Schlafstörungen, Depressionen

Der Nachbar fühlte sich durch den Lärm stark gestört und klagte über diverse Beschwerden, von Schlafstörungen bis zu Depressionen. Es war allerdings nicht nachweisbar, dass sie alle auf die ein- und ausfliegenden Hubschrauber zurückzuführen waren. So blieb dem Mann nichts anderes übrig, als schlicht auf Unterlassung der akustischen Immissionen zu klagen, so weit sie „das nach den örtlichen Verhältnissen gewöhnliche Maß überschreiten und die ortsübliche Benutzung des Grundstückes wesentlich beeinträchtigen“ (§364 Abs2 ABGB). Allerdings, und hier tritt zum Konflikt mit dem Nachbarn der Harmonisierungsbedarf mit dem Verwaltungsrecht hinzu: Der Hubschrauberlandeplatz war verwaltungsbehördlich genehmigt. Und für diesen Fall schließt §364a Unterlassungsansprüche aus und verweist betroffene Nachbarn auf eine finanzielle Entschädigung.

Das wiederum funktioniert aus verfassungsrechtlichen Gründen nur so weit, wie der Nachbar im Genehmigungsverfahren Parteistellung hatte (bei der Mehrzahl der Verfahren ist das heute gewährleistet, bei Großprojekten durch die Umweltverträglichkeitsprüfung); würde nämlich über seinen Kopf hinweg die Genehmigung erteilt und er folglich in seinen Abwehransprüchen beschnitten, würde er in einem Grundrecht verletzt: im Recht auf ein faires Verfahren (Art6 EMRK). Und wirklich: An keinem der Verfahren, die vor der Aufnahme des Flugbetriebs abgewickelt wurden, war der Nachbar beteiligt.

Das hinderte die erste und zweite Instanz allerdings nicht, die Klage des Nachbarn abzuweisen: Beteiligung hin oder her, die Behörde habe ohnehin die Zumutbarkeit des Betriebs geprüft, lautete sinngemäß die Begründung.

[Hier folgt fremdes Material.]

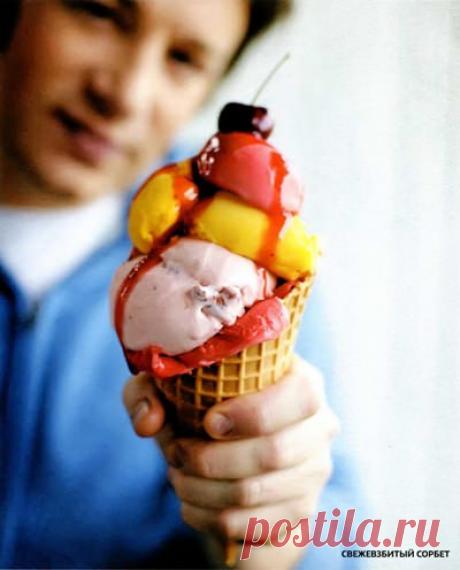 Сорбет рецепт с алкогольным ароматом от Джейми Оливера | Рецепты Джейми Оливера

Kunstgriff des Höchstgerichts

So einfach wollte es sich der OGH jedoch nicht machen. In seiner sehr elaborierten Entscheidung fand er einen Kunstgriff, wie der Nachbar auch ohne Anwendung des §364a um einen Unterlassungsanspruch gebracht werden kann (8 Ob 128/09w). Und zwar so: Die in §364 angesprochene Ortsüblichkeit und der Grad der Beeinträchtigung werden über die rein faktische und technisch messbare Situation hinaus mit Wertungen aufgeladen. Das Nachbarrecht gebiete einen „sozialrelevanten Interessenausgleich“; also sei die Frage der Wesentlichkeit der Beeinträchtigung „vom Standpunkt eines verständigen Durchschnittsmenschen aus zu beantworten, der auch auf die allgemeinen Interessen und gesellschaftlich bedeutsamen Gesichtspunkte wenigstens Bedacht nimmt“.

Zu diesen Allgemeininteressen zählt ganz zentral der Schutz des Lebens und der Gesundheit, der mit den Flügen gefördert wird. Rettungsflüge in einem Skigebiet und nahe einem Sanatorium gelten nach Einschätzung des OGH als „ortsüblich“, wenn

•die Grenzen der Bewilligung und die Auflagen eingehalten werden,

•keine Gesundheitsbeeinträchtigungen für die Anrainer entstehen,

•die Rettungsflüge nur in dem aus gesundheitlichen Gründen erforderlichen Ausmaß durchgeführt werden und

•der Betreiber alles unternimmt, um die Lärmbelästigung möglichst gering zu halten.

All das muss zwar noch von der ersten Instanz geprüft werden; entsprechende Nachweise werden dem Betreiber des Sanatoriums aber wohl nicht schwer fallen.